Había canciones que le hacían feliz, música concreta para situaciones concretas. A veces no podía explicar el porqué, tan solo las disfrutaba. The Jack, Howl, Pour some sugar on me, Inmigrant song, Avalon. Todas ellas y muchas más cambiaban su estado de ánimo y eso a él le parecía maravilloso. Era contagioso. Cuando abrió la puerta apareció con una de sus camisetas. Aprovechaba que sus cajones estaban en la parte de arriba para no tener que agacharse y porque según ellas eran más cómodas y siempre olían a él. Le cubría todo el cuerpo y parte de las piernas. En los pies esta vez llevaba unas Vans old skool negras bastante gastadas y como siempre, de puntillas como si flotase suspendida solo de los dedos, se deslizaba por el suelo de madera sin dejar de mirarle. Cantaba como el culo pero se volvía terriblemente hermosa y eso lo compensaba con creces. En la mano llevaba un cepillo y mientras cantaba imitaba a Tom Cruise en Risky Business. Iba cogiendo cosas y las iba soltando o se las tiraba a la cara con bastante mala puntería. Cuando se acercaba lo suficiente podía ver las marcas que había ido dejando en su piel durante los últimos años. Ella no las ocultaba, se sentía orgullosa de ellas, de lo que significaban y de cómo las había conseguido. Cuando estuvo enfrente, colocó un pie sobre su rodilla, abrió ligeramente la pierna para que él comprobase que no llevaba bragas y eso le hizo reír.
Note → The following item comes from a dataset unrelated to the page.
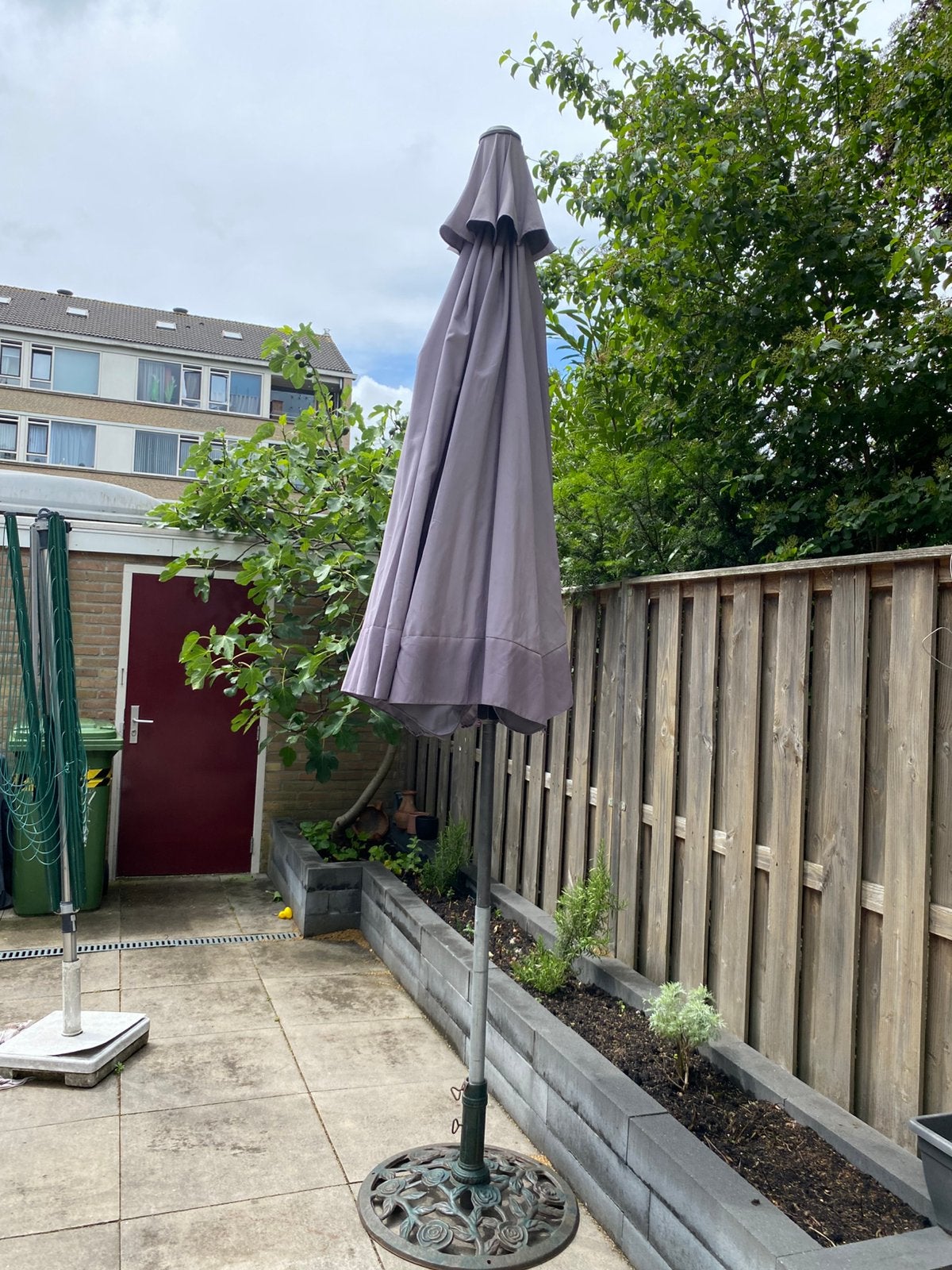 Parasol 3meter doorsnee, Ophalen, Zo goed als nieuw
Baby don’t cry, repetía con el cepillo a modo de micrófono y como invitación para que sus manos acariciasen el muslo. Ella, insinuante, tiró del cuello de la camiseta hacia abajo dejando ver los mordiscos que la noche anterior habían marcado sus tetas. Aún había restos de sangre entre las huellas de sus dientes. Cantaba lo mismo que él le decía cada vez que cortaba, mordía, o restallaba su piel: Nena, no llores. Y no lo hacía, aunque eso era lo que deseaba. Cuando terminó la canción él se levantó y agarró su cara con las dos manos y ella soltó todas las lágrimas que había contenido la noche anterior. Y todo aquello era lo único que necesitaba para ser feliz, para hacerla feliz.

Bailad malditas, hacedlo en conmemoración mía.